Why a flight was delayed could be due to a single reason or a combination of them. The table below provides a breakdown of the contribution each reason made to the total flight delay minutes for the year. Late-arriving Aircraft contributed the most at 42 percent, followed by Carrier and NAS (both at 28 percent). The impact from Weather and Security reasons were negligible.

Table: Minutes Delayed at Arrival, by Reason - Percent of Totals
Reason Total Minutes (#) Total Minutes (%)
Carrier 200178 28.3
Weather 8940 1.3
NAS 199050 28.1
Security 577 0.1
Late-arriving Aircraft 299105 42.3

Perhaps Weather, NAS and Security reasons are harder to control for. The two other reasons - Late-arriving Aircraft and Carrier - may be more variable and in direct control of the airline carrier companies.

We can inquire further which carriers performed better than others depending on the reason(s) why a flight was delayed. It makes sense to also consider the destination airport, since of course not every carrier provided service to all the destinations. Which brings us to our next question.

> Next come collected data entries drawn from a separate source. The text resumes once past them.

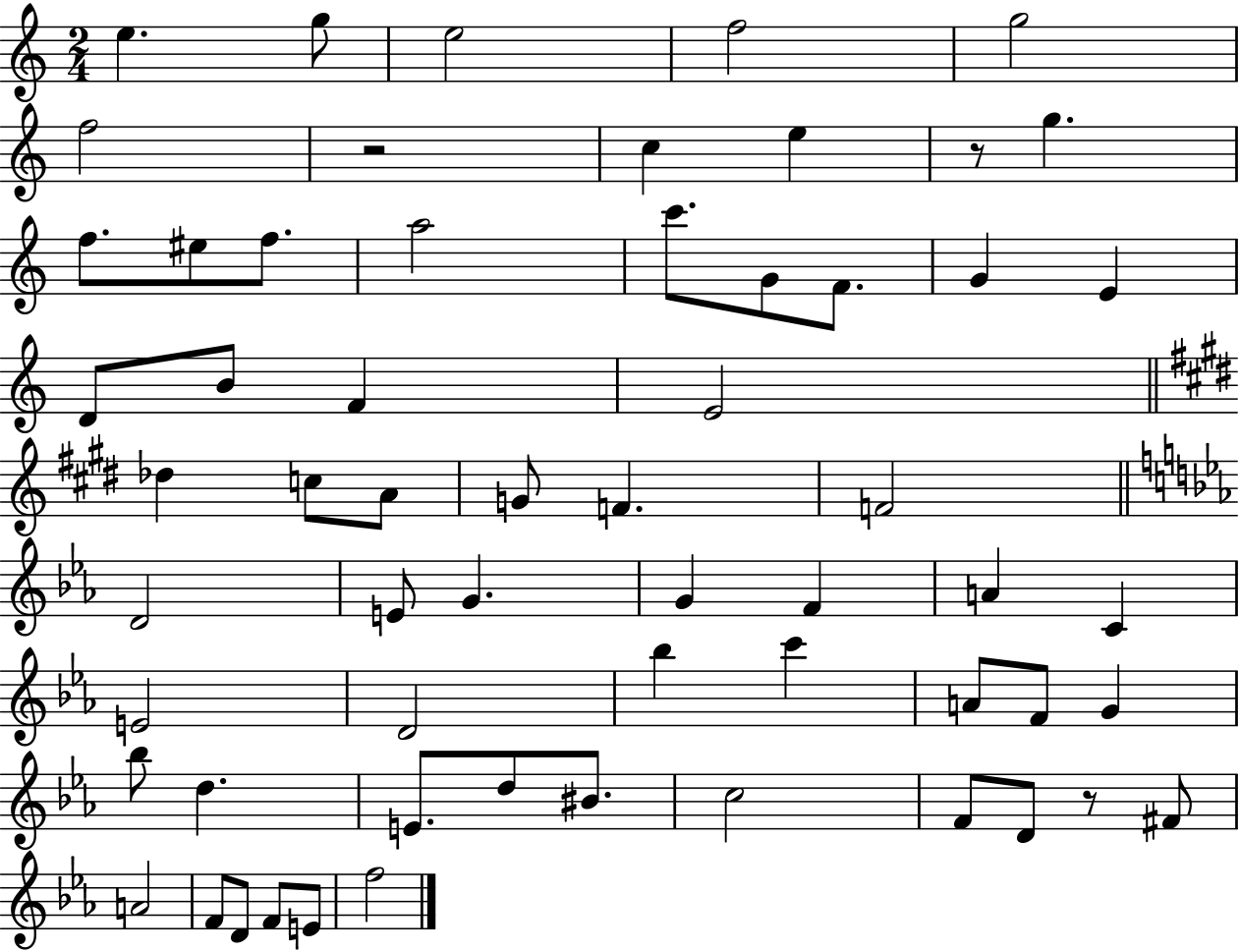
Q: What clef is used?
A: treble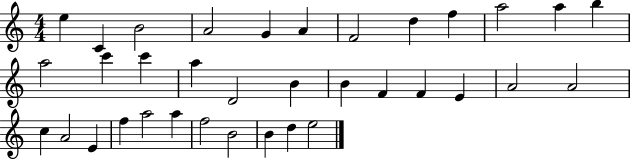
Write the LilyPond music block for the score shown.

{
  \clef treble
  \numericTimeSignature
  \time 4/4
  \key c \major
  e''4 c'4 b'2 | a'2 g'4 a'4 | f'2 d''4 f''4 | a''2 a''4 b''4 | \break a''2 c'''4 c'''4 | a''4 d'2 b'4 | b'4 f'4 f'4 e'4 | a'2 a'2 | \break c''4 a'2 e'4 | f''4 a''2 a''4 | f''2 b'2 | b'4 d''4 e''2 | \break \bar "|."
}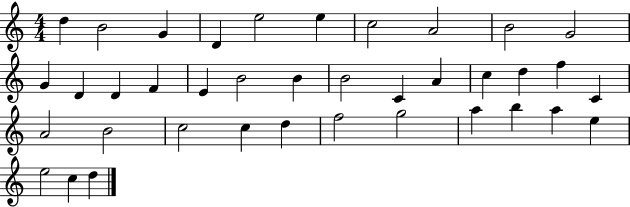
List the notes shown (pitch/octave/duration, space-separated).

Q9. What happens when we factor in carriers and airports to the reasons for the delays?

# QUERY
q9_aDelHeat <- dbGetQuery(db, "SELECT carriers.carrier_name,
       dest,
       SUM(ad_carrier) * 1.0 / SUM(arr_del) * 100 AS Carrier,
       SUM(ad_weather) * 1.0 / SUM(arr_del) * 100 AS Weather,
       SUM(ad_nas) * 1.0 / SUM(arr_del) * 100 AS NAS,
       SUM(ad_lateaircraft) * 1.0 / SUM(arr_del) * 100 AS LateAC,
       SUM(ad_security) * 1.0 / SUM(arr_del) * 100 AS Security
  FROM flights
       INNER JOIN
       carriers ON flights.carrier = carriers.code
 WHERE arr_del15 = '1' AND 
       origin = 'LAS' AND 
       dest IN ('LAX', 'SFO', 'DEN', 'SEA', 'PHX', 'SAN', 'ATL', 'ORD', 'DFW', 'OAK') 
 GROUP BY dest,
          carriers.carrier_name
 ORDER BY dest;")

Then we get the chart below. The take-away here? That not all flight delays are equal.

The percent of total minutes that contributed to a flight’s delay for each reason were aggregated and shown on a scale in the range of 0 to 100. A larger value (red) represents a higher percent contributing to a delay, and a smaller one (blue) indicates a lesser percentage. They were broken out by reason and by carrier, for each destination from LAS.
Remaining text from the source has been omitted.